Amazon.com Inc will begin selling food and drinks online in Mexico, including snacks, sweets and wines, a move that could intensify its competition with Wal Mart de Mexico to claim shoppers in a nascent e-commerce market. Online shopping represents a fraction of total retail sales in Mexico but has grown swiftly, putting Amazon and its rivals in a race to ramp up investments in logistics, technology and product offerings. Amazon views food and drink sales as key to growth, eyeing routine purchases to stock pantries as a way to generate other types of sales, but has yet to dominate the category. The new items on its Mexico site, which it launched in 2015, span coffees, teas, liquors, wines and beers, as well as cooking ingredients, non-perishable snacks and sweets. The launch shows Amazon's intent to claim more of Mexicans' wallets, said Gene Munster, research head at Loup Ventures.
In the United States, Amazon moved into online grocery sales through a $13.7 billion purchase of Whole Foods Market last year. It offers two-hour delivery and lets shoppers pick up Amazon products from Whole Foods stores.
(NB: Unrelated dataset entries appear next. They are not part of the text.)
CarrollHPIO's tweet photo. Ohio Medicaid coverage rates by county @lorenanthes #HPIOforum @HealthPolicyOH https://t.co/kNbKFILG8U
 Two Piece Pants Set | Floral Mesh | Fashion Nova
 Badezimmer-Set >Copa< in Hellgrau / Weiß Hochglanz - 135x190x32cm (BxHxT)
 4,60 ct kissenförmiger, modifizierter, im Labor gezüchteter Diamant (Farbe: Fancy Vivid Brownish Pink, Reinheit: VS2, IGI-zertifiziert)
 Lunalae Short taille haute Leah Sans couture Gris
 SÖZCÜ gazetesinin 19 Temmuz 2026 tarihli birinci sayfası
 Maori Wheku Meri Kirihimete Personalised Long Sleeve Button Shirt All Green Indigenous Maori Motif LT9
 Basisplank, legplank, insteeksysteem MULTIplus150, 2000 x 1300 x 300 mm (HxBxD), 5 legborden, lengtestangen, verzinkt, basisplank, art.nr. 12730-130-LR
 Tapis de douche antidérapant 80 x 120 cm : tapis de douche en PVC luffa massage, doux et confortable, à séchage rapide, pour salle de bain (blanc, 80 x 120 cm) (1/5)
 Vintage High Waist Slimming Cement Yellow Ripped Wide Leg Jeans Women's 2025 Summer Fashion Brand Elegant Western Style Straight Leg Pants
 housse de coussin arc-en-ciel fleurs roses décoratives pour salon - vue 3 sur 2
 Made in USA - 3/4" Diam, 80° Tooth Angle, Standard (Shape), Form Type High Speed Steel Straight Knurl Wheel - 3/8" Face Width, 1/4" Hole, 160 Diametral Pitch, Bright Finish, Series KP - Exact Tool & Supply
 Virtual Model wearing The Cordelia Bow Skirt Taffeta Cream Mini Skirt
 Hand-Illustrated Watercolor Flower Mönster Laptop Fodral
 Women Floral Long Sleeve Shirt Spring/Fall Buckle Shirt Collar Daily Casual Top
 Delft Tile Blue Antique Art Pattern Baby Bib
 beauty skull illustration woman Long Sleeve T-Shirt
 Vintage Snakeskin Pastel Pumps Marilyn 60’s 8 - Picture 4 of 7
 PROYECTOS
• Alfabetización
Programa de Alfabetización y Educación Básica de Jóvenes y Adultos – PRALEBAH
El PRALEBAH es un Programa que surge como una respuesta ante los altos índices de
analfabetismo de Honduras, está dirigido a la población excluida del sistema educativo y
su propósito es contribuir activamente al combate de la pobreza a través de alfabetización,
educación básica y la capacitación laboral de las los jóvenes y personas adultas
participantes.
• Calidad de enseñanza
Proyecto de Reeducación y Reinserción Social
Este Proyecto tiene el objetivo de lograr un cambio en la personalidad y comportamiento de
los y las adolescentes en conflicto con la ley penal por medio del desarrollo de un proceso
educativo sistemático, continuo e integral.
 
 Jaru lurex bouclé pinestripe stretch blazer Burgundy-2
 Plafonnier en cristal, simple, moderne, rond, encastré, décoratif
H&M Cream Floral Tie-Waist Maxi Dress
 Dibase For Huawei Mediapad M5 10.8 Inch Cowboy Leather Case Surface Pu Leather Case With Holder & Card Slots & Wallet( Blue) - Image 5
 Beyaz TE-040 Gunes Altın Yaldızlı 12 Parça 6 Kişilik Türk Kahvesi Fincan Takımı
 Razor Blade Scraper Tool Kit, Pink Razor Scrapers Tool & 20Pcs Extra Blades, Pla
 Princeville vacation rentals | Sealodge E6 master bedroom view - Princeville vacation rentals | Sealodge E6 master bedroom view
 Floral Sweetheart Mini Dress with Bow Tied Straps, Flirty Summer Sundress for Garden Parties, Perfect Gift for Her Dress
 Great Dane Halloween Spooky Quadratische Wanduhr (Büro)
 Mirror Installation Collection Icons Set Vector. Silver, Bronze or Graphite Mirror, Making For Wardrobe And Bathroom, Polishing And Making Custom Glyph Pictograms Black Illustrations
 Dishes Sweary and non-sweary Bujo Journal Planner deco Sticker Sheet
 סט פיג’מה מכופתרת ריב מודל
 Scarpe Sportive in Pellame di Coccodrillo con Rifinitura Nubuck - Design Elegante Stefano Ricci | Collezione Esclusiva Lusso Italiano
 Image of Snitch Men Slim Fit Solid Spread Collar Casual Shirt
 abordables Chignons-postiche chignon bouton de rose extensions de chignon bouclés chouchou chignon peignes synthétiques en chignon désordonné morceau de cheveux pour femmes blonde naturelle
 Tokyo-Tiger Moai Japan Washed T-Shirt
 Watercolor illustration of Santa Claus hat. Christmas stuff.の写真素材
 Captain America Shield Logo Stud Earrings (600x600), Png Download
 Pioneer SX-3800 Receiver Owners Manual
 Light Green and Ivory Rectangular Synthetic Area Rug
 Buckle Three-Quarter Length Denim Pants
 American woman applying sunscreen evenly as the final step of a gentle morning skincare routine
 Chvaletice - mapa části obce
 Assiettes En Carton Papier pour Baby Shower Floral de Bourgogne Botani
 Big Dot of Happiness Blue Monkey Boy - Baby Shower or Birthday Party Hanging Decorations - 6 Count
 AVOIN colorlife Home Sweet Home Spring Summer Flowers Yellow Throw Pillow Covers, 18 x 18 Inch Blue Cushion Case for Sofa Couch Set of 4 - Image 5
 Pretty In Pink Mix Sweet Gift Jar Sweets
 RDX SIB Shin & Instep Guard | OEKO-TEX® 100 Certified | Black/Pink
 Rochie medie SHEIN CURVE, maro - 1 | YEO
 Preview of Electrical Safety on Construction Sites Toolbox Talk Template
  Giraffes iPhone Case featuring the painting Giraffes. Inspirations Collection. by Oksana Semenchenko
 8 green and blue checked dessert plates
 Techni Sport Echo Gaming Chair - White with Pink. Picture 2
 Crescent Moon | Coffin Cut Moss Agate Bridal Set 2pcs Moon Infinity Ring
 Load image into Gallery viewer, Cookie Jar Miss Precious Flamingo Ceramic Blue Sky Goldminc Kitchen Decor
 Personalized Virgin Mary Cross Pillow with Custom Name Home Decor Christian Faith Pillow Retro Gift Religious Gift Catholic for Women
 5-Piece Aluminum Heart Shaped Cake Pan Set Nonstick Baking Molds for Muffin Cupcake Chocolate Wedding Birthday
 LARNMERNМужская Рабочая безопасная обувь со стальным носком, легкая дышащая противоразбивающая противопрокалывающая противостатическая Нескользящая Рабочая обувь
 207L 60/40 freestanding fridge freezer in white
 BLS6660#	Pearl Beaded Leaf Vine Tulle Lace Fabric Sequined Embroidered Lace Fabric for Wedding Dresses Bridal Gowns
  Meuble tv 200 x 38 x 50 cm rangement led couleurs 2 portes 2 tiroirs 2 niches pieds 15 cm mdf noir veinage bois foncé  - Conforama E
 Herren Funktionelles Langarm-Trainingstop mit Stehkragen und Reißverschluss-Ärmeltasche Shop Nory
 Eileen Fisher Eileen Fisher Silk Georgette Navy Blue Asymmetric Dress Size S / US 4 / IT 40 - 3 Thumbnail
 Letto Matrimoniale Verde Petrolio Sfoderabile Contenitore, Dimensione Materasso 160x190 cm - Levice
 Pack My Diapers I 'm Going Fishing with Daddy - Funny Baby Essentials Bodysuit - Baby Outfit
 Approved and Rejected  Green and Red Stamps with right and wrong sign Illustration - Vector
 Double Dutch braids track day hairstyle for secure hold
Walmart, meanwhile, aims to deliver groceries to over 40 percent of U.S. households by year's end. The company plans to accelerate its online grocery business in Mexico as well, Walmart International's Chief Executive Judith McKenna said earlier this year. Soriana, La Comer and Chedraui are among Mexican grocers that also offer delivery services, along with online marketplace MercadoLibre.